As you see we have a simple Excel data table with a players column that represents the name arguments of the chart, 4 columns for the months that form the category labels arguments (X axis) and the values arguments for the months going from Jan through Apr (Y axis).

Using NPOI to insert a new row in the table shown above we do the following:

// Creating a new row... 0 is the first row for NPOI.
HSSFRow row = sheet.CreateRow(5); // Row 6 in Excel
// Creating new cells in the row... 0 is the first column for NPOI.
row.CreateCell(1).SetCellValue("Eve Paradise"); // Column B
row.CreateCell(2).SetCellValue(4); // Column C
row.CreateCell(3).SetCellValue(3); // Column D
row.CreateCell(4).SetCellValue(2); // Column E
row.CreateCell(5).SetCellValue(1); // Column F 

The result is shown in Figure 2:

NPOI with Excel Table and dynamic Chart - Adding a new row
Figure 2 - NPOI with Excel Table and dynamic Chart - Adding a new row

Figure 2 shows us the problem stated by Zip in his comment. The new row we just added wasn’t included in the table. The chart that is linked to the table won’t update because it isn’t aware of the new row.

How to workaround this problem? That’s the question!

After playing with this case for 4 hours I’ve found a way of doing what Zip asks for.

Here’s how I did it:

Expand your Excel data table to row 10. I expanded only 4 rows just to show you how to workaround NPOI’s current limitation.

To expand your table, click in the minuscule handle in the lower-right corner of the cell occupying the lower-right corner of the table. This handle gives you a way to expand the table. Usually, it’s easier just to add data and let Excel expand the table - what doesn’t work with NPOI. But if you want to add several new rows or columns all at once, the handle is a good way to do it.

After expanding your table save the spreadsheet. It’ll be the template spreadsheet used to create new spreadsheets.

Figure 3 shows how the above spreadsheet looks like when the table is expanded to row 10:

NPOI with Excel Table and dynamic Chart - Expanding the Table
Figure 3 - NPOI with Excel Table and dynamic Chart - Expanding the Table

We can see that row 6 added using NPOI is now part of the table because we expanded the table. The chart now shows the new data but we got a new problem: the chart shows empty (blank series) that are the reflection of the the empty rows we have on the data table - take a look at the chart’s legend for example and you’ll see squares that represent nothing.
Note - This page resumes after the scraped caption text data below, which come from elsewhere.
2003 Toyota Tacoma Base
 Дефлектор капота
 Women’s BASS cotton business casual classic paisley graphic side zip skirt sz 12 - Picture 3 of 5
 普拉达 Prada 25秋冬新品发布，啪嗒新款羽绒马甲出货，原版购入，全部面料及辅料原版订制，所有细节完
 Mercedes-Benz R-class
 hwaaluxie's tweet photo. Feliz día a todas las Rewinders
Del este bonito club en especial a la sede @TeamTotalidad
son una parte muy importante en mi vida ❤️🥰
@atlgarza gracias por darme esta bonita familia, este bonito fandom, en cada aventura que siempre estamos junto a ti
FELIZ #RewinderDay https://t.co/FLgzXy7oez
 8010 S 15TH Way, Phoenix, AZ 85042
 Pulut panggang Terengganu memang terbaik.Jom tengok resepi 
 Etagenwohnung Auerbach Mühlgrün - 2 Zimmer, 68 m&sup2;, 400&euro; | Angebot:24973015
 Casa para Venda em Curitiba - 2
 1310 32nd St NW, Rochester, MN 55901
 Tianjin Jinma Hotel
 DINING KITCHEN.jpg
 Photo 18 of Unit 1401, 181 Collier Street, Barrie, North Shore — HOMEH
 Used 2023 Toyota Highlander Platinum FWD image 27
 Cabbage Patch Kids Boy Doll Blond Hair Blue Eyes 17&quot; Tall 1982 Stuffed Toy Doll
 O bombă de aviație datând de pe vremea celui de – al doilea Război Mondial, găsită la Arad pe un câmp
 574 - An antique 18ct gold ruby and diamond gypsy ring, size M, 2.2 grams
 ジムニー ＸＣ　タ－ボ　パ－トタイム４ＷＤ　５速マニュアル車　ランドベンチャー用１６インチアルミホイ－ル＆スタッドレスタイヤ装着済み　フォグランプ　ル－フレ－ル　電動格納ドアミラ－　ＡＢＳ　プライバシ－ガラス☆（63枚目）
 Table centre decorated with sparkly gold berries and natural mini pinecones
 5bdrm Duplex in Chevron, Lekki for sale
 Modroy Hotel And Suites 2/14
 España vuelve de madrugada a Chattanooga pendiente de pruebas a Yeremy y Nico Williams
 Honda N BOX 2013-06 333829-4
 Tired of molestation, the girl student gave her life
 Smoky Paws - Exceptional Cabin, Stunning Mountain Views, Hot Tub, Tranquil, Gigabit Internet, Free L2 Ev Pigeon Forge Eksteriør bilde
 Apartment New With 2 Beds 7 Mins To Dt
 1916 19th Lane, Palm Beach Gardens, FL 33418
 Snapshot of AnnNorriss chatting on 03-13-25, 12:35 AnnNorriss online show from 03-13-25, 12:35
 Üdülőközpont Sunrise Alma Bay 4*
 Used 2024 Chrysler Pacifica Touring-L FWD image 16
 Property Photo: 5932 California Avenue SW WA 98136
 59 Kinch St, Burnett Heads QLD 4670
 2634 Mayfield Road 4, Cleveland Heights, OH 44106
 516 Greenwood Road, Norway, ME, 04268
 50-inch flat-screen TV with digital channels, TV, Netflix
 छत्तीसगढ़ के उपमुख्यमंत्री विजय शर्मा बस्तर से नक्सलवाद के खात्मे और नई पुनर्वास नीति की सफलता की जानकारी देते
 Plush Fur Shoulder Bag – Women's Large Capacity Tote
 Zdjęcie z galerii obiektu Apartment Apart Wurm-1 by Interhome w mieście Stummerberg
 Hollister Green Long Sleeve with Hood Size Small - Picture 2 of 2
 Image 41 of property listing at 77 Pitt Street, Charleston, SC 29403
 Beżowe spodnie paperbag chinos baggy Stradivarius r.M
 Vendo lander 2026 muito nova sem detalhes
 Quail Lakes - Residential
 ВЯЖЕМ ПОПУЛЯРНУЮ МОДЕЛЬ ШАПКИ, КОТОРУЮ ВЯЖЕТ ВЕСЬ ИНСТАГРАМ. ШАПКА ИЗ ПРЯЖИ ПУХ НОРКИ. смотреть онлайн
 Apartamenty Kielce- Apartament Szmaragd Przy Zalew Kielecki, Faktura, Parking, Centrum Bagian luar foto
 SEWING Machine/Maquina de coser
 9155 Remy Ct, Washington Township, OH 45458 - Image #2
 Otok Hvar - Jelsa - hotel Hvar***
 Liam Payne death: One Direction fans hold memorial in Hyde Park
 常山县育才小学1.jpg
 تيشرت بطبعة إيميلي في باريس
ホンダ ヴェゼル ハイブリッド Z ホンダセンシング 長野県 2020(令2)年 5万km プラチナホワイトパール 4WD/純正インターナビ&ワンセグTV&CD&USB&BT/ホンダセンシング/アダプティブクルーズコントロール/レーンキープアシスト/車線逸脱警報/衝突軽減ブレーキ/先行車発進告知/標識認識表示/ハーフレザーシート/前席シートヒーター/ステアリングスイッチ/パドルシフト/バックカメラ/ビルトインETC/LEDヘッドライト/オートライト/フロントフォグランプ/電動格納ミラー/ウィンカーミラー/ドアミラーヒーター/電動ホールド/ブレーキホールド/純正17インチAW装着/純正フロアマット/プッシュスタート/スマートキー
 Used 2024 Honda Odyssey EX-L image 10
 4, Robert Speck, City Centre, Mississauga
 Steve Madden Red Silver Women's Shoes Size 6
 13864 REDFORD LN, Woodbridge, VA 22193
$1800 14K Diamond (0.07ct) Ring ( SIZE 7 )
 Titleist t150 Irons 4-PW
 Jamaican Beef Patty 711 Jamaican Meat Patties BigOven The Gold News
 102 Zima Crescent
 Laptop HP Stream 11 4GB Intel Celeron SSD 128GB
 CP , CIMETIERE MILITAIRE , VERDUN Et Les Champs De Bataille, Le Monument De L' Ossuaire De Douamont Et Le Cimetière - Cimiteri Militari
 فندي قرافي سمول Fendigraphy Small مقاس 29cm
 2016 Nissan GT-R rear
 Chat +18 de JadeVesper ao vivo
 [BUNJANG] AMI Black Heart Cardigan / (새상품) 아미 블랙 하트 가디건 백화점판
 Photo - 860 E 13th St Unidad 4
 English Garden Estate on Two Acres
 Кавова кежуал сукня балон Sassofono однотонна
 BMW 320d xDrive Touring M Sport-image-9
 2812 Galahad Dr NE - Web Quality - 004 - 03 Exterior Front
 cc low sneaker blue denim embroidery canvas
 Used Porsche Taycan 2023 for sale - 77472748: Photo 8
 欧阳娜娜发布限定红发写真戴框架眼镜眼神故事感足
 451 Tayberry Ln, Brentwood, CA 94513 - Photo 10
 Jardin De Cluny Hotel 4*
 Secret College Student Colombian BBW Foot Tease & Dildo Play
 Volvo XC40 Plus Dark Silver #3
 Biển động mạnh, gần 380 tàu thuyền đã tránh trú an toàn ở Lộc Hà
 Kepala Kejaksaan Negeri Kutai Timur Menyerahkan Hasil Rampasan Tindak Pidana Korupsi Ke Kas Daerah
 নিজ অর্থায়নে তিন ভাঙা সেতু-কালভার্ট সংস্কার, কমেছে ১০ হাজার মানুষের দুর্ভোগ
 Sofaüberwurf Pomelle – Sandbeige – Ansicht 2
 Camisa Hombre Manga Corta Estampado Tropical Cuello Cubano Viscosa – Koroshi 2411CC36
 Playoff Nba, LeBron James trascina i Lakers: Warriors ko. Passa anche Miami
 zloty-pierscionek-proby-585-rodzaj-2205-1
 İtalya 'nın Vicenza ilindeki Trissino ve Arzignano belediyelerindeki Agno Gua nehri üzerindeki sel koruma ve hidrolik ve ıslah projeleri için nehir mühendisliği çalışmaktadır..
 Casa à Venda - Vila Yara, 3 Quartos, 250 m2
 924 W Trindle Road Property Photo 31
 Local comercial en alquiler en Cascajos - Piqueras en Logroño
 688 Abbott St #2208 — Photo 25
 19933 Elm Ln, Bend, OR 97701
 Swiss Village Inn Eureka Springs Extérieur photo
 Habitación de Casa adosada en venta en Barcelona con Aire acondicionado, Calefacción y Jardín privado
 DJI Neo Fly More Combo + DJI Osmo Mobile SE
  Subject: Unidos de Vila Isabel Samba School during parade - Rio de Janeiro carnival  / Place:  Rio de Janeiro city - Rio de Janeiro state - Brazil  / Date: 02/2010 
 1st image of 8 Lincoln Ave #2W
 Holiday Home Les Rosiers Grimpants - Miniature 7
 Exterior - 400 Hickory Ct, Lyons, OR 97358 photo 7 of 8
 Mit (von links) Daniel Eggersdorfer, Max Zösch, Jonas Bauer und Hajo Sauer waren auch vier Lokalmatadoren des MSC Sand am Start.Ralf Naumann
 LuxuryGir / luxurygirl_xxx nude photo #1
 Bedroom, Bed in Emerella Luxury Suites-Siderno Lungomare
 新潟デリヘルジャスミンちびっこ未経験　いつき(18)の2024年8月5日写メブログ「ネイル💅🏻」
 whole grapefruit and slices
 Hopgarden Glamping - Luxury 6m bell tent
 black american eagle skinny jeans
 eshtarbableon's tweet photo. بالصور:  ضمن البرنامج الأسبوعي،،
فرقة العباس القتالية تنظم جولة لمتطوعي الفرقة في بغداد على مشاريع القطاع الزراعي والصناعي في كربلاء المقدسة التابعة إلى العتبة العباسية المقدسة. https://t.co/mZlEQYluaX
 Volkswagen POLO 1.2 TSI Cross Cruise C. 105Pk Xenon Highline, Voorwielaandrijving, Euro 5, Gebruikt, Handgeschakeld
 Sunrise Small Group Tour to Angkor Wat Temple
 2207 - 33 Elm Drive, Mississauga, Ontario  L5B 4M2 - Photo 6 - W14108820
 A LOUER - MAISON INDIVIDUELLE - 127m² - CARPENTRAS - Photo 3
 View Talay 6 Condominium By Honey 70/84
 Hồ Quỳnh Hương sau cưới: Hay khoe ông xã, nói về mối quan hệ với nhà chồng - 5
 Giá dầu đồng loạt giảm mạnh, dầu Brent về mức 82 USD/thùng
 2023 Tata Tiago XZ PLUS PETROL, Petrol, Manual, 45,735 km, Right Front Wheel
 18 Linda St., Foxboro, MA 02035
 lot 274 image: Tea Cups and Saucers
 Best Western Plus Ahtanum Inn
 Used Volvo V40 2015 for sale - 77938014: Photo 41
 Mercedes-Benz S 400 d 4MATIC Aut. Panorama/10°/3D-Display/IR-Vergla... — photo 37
How to get over this? Well, we just need to filter the data in the table as shown in

Figure 4:

NPOI with Excel Table and dynamic Chart - Filtering Data (blank series)
Figure 4 - NPOI with Excel Table and dynamic Chart - Filtering Data (blank series)

Filter out players removing the blank rows by unchecking (Blanks) circled in red in Figure 4. Doing so the chart will reflect the change showing only the filtered data as you see in Figure 5:

NPOI with Excel Table and dynamic Chart - Filtered Data (no empty rows)
Figure 5 - NPOI with Excel Table and dynamic Chart - Filtered Data (no empty rows)

Now we have an Excel data table that is filtered (take a look at the funnel symbol) in the Player column. Other difference is that the rows that contain data are marked in blue. Although we have only 4 rows of data being displayed, our table has indeed 8 rows of data because we expanded it. The other 4 rows are hidden because they were filtered for not having any data yet.

Positioning the mouse cursor within the Excel data table, I’ll add a Total Row (option circled in red) in the table so that I can summarize data the way I want for each column as shown in Figure 6:

NPOI with Excel Table and dynamic Chart - Adding Total Row
Figure 6 - NPOI with Excel Table and dynamic Chart - Adding Total Row

With this Excel template spreadsheet we can now use NPOI to fill our sheet with more 4 rows of data. Let’s do it. This is the code I used:

HSSFRow row7 = sheet.CreateRow(6);

row7.CreateCell(1).SetCellValue("David Goliath");
row7.CreateCell(2).SetCellValue(7);
row7.CreateCell(3).SetCellValue(7);
row7.CreateCell(4).SetCellValue(7);
row7.CreateCell(5).SetCellValue(7);

HSSFRow row8 = sheet.CreateRow(7);

row8.CreateCell(2).SetCellValue("Moses of Egypt");
row8.CreateCell(3).SetCellValue(8);
row8.CreateCell(4).SetCellValue(8);
row8.CreateCell(5).SetCellValue(8);
row8.CreateCell(6).SetCellValue(8);

HSSFRow row9 = sheet.CreateRow(8);

row9.CreateCell(1).SetCellValue("David Shepherd");
row9.CreateCell(2).SetCellValue(9);
row9.CreateCell(3).SetCellValue(9);
row9.CreateCell(4).SetCellValue(9);
row9.CreateCell(5).SetCellValue(9);

HSSFRow row10 = sheet.CreateRow(9);

row10.CreateCell(2).SetCellValue("Jesus of Nazareth");
row10.CreateCell(3).SetCellValue(10);
row10.CreateCell(4).SetCellValue(10);
row10.CreateCell(5).SetCellValue(10);
row10.CreateCell(6).SetCellValue(10);
// Forcing formula recalculation so that the Total Row gets updated
sheet.ForceFormulaRecalculation = true;

After filling the spreadsheet we get the result shown in Figure 7:

NPOI with Excel Table and dynamic Chart - Chart updated automatically/dynamically
Figure 7 - NPOI with Excel Table and dynamic Chart - Chart updated automatically/dynamically

This is the workaround! :o)

The rows added with NPOI now are part of the table and are shown in the chart.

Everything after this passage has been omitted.